While there we took the opportunity to visit the quiet churchyard located to the east of the church beyond the sheltered housing development known as Pyndar Court. The churchyard is not signposted. To reach it enter the drive of Pyndar Court and immediately turn left onto a tarmac path and then right.
Here are a few photos taken during our visit.
The flower festival commemorated the 150th anniversary of the founding of the Almshouses and the Church. The flower arrangements were by the ladies of the Malvern Floral Art Club.
The 12th century font, taken from an earlier church in Great Malvern, was decorated with white roses.
People stood and sat to admire the religious frescos on the walls which told the Bible stories to those who were unable to read.
On a wall, to the right of the choir stalls, flowers were placed around a brass plaque in memory of former choir boys who fell in the Great War.
The memorial reads:
We have attempted to identify these men and their families, on the occasion of the 100th anniversary of the start of the Great War. Click to jump to heading The fallen.

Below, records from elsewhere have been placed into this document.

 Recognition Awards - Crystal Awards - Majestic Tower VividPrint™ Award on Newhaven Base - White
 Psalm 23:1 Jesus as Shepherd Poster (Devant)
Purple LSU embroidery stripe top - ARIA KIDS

As a reminder that there was once a choir school at Newland, nearby someone had thoughtfully placed a dummy in the stalls.
The choir school was originally founded in 1864 to provide boarding places for ten orphans, but financial difficulties meant paying pupils were also accepted from all over Britain. Later pupils still boarded but attended day school at either Madresfield or Worcester Grammar.

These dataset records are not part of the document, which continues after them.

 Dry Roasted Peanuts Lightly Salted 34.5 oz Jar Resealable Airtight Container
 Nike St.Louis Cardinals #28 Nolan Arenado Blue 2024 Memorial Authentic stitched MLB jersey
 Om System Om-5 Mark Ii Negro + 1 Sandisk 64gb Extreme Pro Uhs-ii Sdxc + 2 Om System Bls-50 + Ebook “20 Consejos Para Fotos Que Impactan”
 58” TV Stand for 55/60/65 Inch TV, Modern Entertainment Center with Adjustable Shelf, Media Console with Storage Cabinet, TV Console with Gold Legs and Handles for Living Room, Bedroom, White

Eventually the choir school was forced to close about 1945, due to a combination of financial problems, competition from other boarding schools and inability to meet the requirement of a new education act.
According to the St Leonard's website the burial ground at Newland was created on the site of the old wooden church and adjoining land given by Lord Beauchamp, and consecrated on 22nd October 1862 by the Bishop of Worcester.
The burial ground lies 100 yards or so east of St Leonards, now separated by the Pyndar Court development of homes for the elderly.
The photograph below shows a view looking northwards across the churchyard to the converted barns on the corner of Madresfield Road.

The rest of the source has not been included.